Penyebaran Agama Hindu Di Indonesia
Berdasarkan beberapa pendapat,
diperkirakan bahwa Agama Hindu pertama
kalinya berkembang di Lembah Sungai
Shindu di India. Di lembah sungai inilah
para Rsi menerima wahyu dari Hyang Widhi
dan diabadikan dalam bentuk Kitab Suci
Weda. Dari lembah sungai sindhu, ajaran
Agama Hindu menyebar ke seluruh pelosok
dunia, yaitu ke India Belakang, Asia
Tengah, Tiongkok, Jepang dan akhirnya
sampai ke Indonesia. Ada beberapa teori dan
pendapat tentang masuknya Agama Hindu
ke Indonesia.
Beberapa Teori tentang masuknya
Agama Hindu di Indonesia:
Krom (ahli – Belanda), dengan
teori Waisya.
Dalam bukunya yang
berjudul “Hindu Javanesche
Geschiedenis“, menyebutkan bahwa
masuknya pengaruh Hindu ke
Indonesia adalah melalui penyusupan
dengan jalan damai yang dilakukan
oleh golongan pedagang (Waisya)
India.
Mookerjee (ahli – India tahun
1912).
Menyatakan bahwa masuknya
pengaruh Hindu dari India ke
Indonesia dibawa oleh para
pedagang India dengan armada yang
besar. Setelah sampai di Pulau Jawa
3. (Indonesia) mereka mendirikan
koloni dan membangun kota-kota
sebagai tempat untuk memajukan
usahanya. Dari tempat inilah mereka
sering mengadakan hubungan
dengan India. Kontak yang
berlangsung sangat lama ini, maka
terjadi penyebaran agama Hindu di
Indonesia.
Moens dan Bosch (ahli – Belanda)
Menyatakan bahwa peranan kaum
Ksatrya sangat besar pengaruhnya
terhadap penyebaran agama Hindu
dari India ke Indonesia.

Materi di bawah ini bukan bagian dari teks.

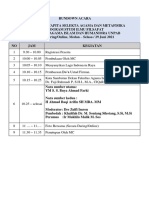 Rundown Acara Bedah Buku Capita Selekta-1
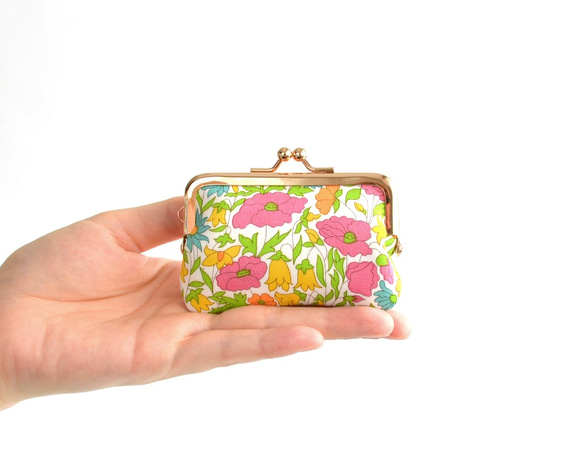 口金包 - Frame purse (S) - Liberty "Poppy and Daisy" Y&P [798] 第1張的照片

Demikian
pula pengaruh kebudayaan Hindu
yang dibawa oleh para para
rohaniwan Hindu India ke Indonesia.
Data Peninggalan Sejarah di Indonesia
Data peninggalan sejarah
disebutkan Rsi Agastya menyebarkan agama
Hindu dari India ke Indonesia. Data ini
ditemukan pada beberapa prasasti di Jawa
dan lontar-lontar di Bali, yang menyatakan
bahwa Sri Agastya menyebarkan agama
Hindu dari India ke Indonesia, melalui
sungai Gangga, Yamuna, India Selatan dan
India Belakang. Oleh karena begitu besar
jasa Rsi Agastya dalam penyebaran agama
Hindu, maka namanya disucikan dalam
prasasti-prasasti seperti:
Prasasti Dinoyo (Jawa Timur):
Prasasti ini bertahun Caka 628,
dimana seorang raja yang bernama
Gajahmada membuat pura suci untuk
Rsi Agastya, dengan maksud
memohon kekuatan suci dari Beliau.
Prasasti Porong (Jawa Tengah)
Prasasti yang bertahun Caka 785,
juga menyebutkan keagungan dan
kemuliaan Rsi Agastya. Mengingat
kemuliaan Rsi Agastya, maka
banyak istilah yang diberikan kepada
beliau, diantaranya adalah: Agastya
Yatra, artinya perjalanan suci Rsi
Agastya yang tidak mengenal
kembali dalam pengabdiannya untuk
Dharma. Pita Segara, artinya bapak
dari lautan, karena mengarungi
lautan-lautan luas demi untuk
Dharma.
Sejarah Singkat Agama Hindu Di
Indonesia
Agama Hindu masuk ke Indonesia
diperkirakan pada awal Tarikh Masehi,
dibawa oleh para Musafir dari India antara
lain: Maha Resi Agastya yang di Jawa
terkenal dengan sebutan Batara
Guru atau Dwipayana dan juga para Musafir
dari Tiongkok yakni Musafir Budha
Pahyien. Ini dapat diketahui dengan adanya
bukti tertulis atau benda-benda purbakala
pada abad ke 4 Masehi denngan
diketemukannya tujuh buah Yupa
peningalan kerajaan Kutai di Kalimantan
Timur. Dari tujuh buah Yupa itu didapatkan
keterangan mengenai kehidupan keagamaan
pada waktu itu yang menyatakan bahwa:
“Yupa itu didirikan untuk memperingati dan
melaksanakan yadnya oleh Mulawarman”.
Keterangan yang lain menyebutkan bahwa
raja Mulawarman melakukan yadnya pada
suatu tempat suci untuk memuja dewa Siwa.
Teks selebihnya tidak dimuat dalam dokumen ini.